Un excellent exemple d'outil confectionné à cette fin est le Faslane 365 Resource Pack (http://www.faslane365.org, en anglais). Ce livret offre une information élémentaire sur l'objet et le contexte politique du blocage de Faslane tout du long de l'année, ainsi que des conseils pratiques sur la mobilisation, la tactique, la formation et beaucoup plus encore, ce qui peut permettre aux groupes de se préparer de façon autonome à l'action.

Selon notre expérience, la formation à l'action directe non-violente avec des participant/e/s internationaux s'est révélée très profitable. Les formations donnent l'occasion de parcourir des scénarios d'action dans toute leur extension et de se préparer à traiter des problèmes et des difficultés susceptibles d'apparaître. On peut avoir l'impression que le fait de participer à des actions à l'étranger ne faire guère avancer sa propre campagne. En outre, cela prend du temps et peut représenter une jolie dépense. En même temps, en vous rendant dans un autre pays, vous pouvez rehausser la visibilité internationale de votre campagne. Et c'est très souvent un moyen efficace pour rencontrer des personnes avec lesquelles vous pourrez travailler plus tard.

Un exemple de ce type a été celui de la participation internationale de militant/e/s de Greenpeace France, qui les a inspirés à mener une action contre le développement de nouveaux missiles nucléaires français. En septembre 2006, pendant la première grande manifestation contre le missile M51, une trentaine de « Bombspotteuses » ont participé à la première « inspection citoyenne » dans le style de Bombspotting, au Centre d'essais des Landes, non loin de Bordeaux. Nous avons donné des conseils et fourni une assistance pour préparer cette action, et des formatrices/-teurs à l'action directe non-violente de Bombspotting sont revenus quelques mois après l'action pour dispenser une « formation pour formateurs ».
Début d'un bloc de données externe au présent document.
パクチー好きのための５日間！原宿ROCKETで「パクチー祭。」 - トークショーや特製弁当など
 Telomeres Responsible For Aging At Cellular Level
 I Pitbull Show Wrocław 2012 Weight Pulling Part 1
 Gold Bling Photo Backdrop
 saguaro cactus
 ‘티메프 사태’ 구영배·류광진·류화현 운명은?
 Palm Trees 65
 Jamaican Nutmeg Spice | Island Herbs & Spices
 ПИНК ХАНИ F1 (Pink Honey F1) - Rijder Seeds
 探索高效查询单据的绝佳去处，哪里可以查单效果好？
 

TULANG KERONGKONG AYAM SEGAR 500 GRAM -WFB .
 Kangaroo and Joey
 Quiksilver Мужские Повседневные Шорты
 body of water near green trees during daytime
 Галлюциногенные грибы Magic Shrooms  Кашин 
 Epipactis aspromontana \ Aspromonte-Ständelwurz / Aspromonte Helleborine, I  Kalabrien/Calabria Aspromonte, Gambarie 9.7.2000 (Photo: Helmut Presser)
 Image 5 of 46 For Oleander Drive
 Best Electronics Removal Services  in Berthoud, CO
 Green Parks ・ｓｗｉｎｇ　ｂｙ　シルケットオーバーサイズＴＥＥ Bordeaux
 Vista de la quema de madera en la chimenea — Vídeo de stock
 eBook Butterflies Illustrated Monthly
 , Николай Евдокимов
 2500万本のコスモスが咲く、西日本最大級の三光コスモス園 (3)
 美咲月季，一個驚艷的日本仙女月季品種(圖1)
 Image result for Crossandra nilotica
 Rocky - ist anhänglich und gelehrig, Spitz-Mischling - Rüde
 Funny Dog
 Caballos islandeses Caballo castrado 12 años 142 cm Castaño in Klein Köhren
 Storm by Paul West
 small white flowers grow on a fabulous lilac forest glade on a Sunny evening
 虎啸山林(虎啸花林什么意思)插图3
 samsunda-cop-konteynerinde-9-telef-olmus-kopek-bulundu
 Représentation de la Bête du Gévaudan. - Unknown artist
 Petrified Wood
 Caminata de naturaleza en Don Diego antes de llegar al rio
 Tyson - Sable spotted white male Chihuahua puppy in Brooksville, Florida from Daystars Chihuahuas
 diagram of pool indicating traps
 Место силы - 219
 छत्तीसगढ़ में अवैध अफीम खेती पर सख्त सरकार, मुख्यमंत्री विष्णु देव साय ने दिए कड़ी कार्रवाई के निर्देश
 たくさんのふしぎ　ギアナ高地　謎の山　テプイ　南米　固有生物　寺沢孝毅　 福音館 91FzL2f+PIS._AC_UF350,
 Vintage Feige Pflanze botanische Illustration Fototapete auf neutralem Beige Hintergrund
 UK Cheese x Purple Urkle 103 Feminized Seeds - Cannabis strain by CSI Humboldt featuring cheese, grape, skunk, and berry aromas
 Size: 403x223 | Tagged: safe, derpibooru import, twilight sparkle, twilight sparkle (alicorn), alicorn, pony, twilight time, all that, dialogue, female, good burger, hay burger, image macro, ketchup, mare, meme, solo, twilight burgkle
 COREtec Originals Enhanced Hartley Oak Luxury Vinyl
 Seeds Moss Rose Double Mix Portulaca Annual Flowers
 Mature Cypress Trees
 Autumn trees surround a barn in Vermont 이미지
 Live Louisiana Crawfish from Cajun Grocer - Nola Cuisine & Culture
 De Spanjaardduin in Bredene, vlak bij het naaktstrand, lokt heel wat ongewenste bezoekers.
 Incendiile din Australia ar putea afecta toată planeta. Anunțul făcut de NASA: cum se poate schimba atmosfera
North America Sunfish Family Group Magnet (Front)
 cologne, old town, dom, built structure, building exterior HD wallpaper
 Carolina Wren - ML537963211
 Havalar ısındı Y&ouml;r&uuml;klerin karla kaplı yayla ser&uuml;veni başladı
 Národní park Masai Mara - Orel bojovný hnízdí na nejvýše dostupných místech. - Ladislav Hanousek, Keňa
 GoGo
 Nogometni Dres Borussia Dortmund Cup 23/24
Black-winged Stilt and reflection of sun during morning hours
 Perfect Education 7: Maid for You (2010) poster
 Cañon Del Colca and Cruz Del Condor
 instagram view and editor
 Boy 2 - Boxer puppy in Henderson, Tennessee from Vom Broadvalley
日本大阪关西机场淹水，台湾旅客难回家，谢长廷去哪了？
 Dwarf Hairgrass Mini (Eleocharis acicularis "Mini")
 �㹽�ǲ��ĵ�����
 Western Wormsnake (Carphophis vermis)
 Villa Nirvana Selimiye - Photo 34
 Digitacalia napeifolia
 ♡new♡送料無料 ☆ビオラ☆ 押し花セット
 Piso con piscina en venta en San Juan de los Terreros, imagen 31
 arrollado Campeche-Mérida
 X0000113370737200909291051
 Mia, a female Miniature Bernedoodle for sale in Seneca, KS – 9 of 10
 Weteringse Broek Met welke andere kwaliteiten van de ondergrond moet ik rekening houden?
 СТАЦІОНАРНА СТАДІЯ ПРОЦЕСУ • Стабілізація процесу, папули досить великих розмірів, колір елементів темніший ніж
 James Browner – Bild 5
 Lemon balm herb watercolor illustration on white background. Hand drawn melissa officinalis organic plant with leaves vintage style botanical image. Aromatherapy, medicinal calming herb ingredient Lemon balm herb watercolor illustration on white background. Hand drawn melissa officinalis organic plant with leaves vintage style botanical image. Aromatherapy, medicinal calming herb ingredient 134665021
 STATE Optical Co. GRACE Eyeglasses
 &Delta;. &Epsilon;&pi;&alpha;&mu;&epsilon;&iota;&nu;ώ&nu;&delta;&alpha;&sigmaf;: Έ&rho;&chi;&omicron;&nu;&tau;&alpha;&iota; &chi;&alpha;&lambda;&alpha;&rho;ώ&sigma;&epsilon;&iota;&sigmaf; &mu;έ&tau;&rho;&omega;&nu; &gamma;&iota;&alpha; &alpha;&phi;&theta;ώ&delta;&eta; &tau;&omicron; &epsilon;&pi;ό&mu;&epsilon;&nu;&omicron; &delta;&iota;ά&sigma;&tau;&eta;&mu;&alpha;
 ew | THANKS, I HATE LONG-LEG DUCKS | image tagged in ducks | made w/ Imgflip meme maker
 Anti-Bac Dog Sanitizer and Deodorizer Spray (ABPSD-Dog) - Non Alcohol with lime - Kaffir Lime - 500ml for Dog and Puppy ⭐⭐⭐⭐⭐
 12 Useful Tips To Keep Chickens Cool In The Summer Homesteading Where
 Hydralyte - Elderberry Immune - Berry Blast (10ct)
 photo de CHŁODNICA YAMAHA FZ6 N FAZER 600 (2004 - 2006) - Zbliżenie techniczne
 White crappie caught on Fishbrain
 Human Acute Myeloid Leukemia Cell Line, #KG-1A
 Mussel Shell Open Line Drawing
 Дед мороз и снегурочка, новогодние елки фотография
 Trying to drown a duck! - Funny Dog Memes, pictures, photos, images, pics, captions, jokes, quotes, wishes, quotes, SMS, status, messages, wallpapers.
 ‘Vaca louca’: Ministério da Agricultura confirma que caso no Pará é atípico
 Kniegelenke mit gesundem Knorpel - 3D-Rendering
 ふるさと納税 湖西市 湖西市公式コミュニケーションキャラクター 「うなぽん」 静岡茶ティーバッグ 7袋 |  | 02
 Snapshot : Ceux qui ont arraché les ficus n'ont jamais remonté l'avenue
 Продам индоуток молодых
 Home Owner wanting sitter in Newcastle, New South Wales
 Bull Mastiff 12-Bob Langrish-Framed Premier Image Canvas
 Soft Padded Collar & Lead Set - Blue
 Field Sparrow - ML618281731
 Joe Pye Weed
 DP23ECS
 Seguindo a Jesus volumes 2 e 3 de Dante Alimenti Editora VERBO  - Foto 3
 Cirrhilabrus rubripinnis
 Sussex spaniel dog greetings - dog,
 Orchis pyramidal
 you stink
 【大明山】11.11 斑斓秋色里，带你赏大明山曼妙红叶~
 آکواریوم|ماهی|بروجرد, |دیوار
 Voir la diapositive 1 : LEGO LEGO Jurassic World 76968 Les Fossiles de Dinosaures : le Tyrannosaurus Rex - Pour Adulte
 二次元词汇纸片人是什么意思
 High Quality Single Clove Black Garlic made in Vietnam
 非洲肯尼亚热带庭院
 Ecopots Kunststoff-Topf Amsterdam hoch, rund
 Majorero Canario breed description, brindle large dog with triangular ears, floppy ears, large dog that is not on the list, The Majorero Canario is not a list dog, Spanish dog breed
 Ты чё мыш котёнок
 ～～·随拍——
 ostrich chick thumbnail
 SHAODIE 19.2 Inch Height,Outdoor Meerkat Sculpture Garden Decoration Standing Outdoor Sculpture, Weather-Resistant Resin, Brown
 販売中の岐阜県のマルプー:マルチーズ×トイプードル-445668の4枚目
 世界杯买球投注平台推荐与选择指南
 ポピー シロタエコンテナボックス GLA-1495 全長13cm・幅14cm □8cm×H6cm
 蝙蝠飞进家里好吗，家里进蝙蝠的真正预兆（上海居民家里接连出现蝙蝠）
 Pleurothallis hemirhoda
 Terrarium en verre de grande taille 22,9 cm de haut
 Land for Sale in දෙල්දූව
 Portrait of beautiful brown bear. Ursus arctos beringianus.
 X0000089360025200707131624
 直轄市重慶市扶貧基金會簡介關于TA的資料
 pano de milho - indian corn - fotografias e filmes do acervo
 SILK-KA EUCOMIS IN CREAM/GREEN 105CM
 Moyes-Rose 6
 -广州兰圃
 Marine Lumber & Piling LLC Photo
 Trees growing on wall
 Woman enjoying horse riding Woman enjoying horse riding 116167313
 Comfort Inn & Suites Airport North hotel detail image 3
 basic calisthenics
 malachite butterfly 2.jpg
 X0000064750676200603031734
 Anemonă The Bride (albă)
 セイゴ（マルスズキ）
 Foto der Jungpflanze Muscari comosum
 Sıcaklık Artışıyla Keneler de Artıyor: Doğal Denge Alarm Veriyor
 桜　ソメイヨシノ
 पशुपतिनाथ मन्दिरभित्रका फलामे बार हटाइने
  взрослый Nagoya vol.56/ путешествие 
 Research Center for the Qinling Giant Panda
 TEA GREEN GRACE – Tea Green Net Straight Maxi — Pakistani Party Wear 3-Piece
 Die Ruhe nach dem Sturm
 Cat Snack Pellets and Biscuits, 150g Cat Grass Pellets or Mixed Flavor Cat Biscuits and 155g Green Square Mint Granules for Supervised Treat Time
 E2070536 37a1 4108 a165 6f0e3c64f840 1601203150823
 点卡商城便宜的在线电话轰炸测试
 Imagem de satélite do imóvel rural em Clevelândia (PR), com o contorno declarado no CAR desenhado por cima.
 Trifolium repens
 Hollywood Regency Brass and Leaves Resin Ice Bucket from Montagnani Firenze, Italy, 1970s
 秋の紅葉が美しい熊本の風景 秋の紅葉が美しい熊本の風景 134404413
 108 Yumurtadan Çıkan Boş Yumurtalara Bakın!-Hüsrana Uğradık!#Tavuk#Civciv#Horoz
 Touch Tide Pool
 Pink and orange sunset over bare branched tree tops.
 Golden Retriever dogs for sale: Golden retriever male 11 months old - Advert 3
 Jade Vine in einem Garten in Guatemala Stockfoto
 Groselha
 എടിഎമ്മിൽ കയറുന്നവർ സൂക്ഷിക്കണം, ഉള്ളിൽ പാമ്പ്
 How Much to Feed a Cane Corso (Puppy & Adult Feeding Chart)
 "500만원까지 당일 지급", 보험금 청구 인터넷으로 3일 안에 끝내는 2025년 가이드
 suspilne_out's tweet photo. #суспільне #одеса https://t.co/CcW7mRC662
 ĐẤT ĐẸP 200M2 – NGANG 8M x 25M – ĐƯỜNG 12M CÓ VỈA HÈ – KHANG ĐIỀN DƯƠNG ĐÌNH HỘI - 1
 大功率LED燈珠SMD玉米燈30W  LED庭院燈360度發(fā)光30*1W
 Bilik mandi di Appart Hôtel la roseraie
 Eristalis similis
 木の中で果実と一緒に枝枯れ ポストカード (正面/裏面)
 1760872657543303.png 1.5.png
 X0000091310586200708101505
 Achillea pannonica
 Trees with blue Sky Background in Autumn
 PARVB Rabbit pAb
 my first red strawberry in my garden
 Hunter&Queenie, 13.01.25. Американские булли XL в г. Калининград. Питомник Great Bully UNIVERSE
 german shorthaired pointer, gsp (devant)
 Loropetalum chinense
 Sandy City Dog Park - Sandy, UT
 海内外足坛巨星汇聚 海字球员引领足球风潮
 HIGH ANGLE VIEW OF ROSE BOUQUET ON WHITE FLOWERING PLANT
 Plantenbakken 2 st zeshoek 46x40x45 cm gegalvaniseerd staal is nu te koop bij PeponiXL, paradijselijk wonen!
Mais agir à l'étranger ne peut jamais remplacer l'action dans votre propre pays. C'est pourquoi, répétons-le encore, il est de la plus haute importance de réfléchir à ce que vous attendez de l'implication de militant/e/s internationales/-aux dans votre campagne ou de votre propre participation à l'étranger.

Il existe des moyens pour magnifier la signification de la présence internationale. Lors de l'action Bombspotting XL en 2005, au cours de laquelle des inspectrices/-teurs citoyens ont ciblé quatre sites différents liés aux armes nucléaires en Belgique, des militant/e/s étaient venus de tous les pays membres de l'Otan qui hébergeaient des armes nucléaires de l'Otan (le Royaume-Uni, les États-Unis, l'Italie, l'Allemagne, la Turquie et les Pays-Bas), ainsi que d'autres pays (comme la Finlande, la France, la Grèce, le Portugal et l'Espagne). Notre travail auprès de la presse a attiré l'attention sur cette présence étrangère, et les délégations internationales ont fait leur propre travail auprès des médias de leurs pays respectifs. Quand on procède de la sorte, il ne s'agit pas seulement d'inviter des internationales/-aux et de les faire participer. Beaucoup plus de travail est nécessaire, incluant notamment la coordination des efforts avec la presse et la répartition des rôles avant, pendant et après l'action.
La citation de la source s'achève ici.